It doesn’t strip all of it, however. The legend of the Nephilim’s inception is through an angel named Raziel, and if you’ve read the books, you know that more theology comes out during the series. It is still concerning that inherently religious themes are being watered down, but if you’re willing to stick with this series to the end (and assuming they do it somewhat accurately), you’ll see that the worldview in chthe end is one that acknowledges God in a way that cannot be ignored.
But a movie is not only about its theological backdrop. It’s also about the main conflict. Here the main conflict is that the villain, named Valentine, wants to raise an army of demons for himself. He’s obsessed with the idea of controlling demons. He also just happens to . . . well, shall we say know Clary’s mother, which is why he’s kidnapped her. Clary’s mother Jocelyn, along with Hodge, were in a group led by Valentine several years ago. We get a built up idea of Valentine early on, that he’s this eccentric, persuasive individual, which is what makes him even more dangerous than your average bad guy. When we meet him, however, all of those expectations come crashing down. I would have expected a character in the mold of Saruman or a young Tom Riddle, evil but smooth with a powerful presence. What we end up with is a pretty average, ordinary bad guy. I don’t blame Jonathon Rhys-Meyers for that, his acting was pretty good. The problem is that the character wasn’t written well.

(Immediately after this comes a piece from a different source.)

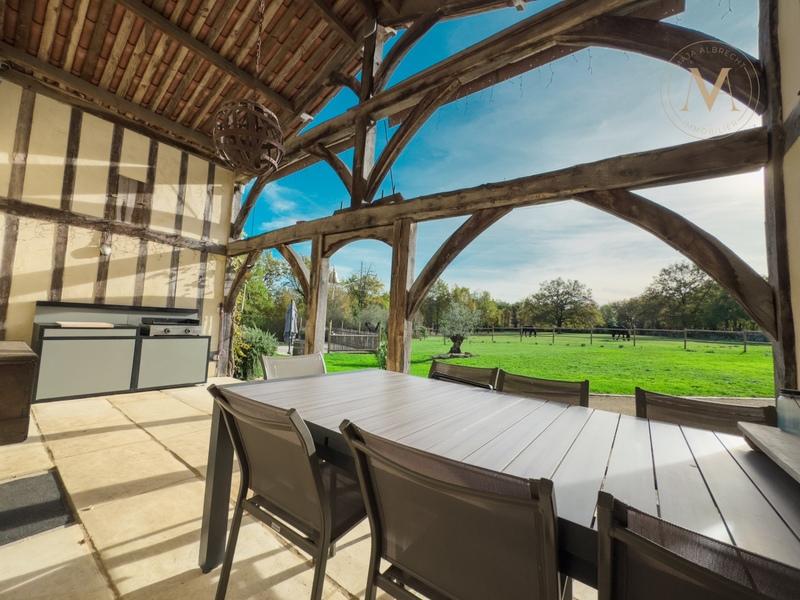 Haras - 250 m² - 6 pièces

There are other things in the movie that weren’t pulled off terribly well either. Don’t get me wrong, the special effects were incredible and they managed to pull off the various fantasy elements such as werewolves, warlocks, demons, demon hunters, and curses without it seeming too corny, which is quite an accomplishment. However, the film ultimately suffers from a lack of good acting among the lead characters, or at least a few bad selections for the parts. Lilly Collins knocks Clary’s character out of the park, but Rhys-Meyers is hardly breathtaking as Valentine, and Jamie Campbell Bower’s performance, while I love the accent, is stiff and almost stand-offish at times, and I find it hard to buy his performance. Thankfully the minor characters were done extremely well, and I think the actors can improve from this first installment, but the end result this time around is a fantastic idea that is, at times, poorly executed.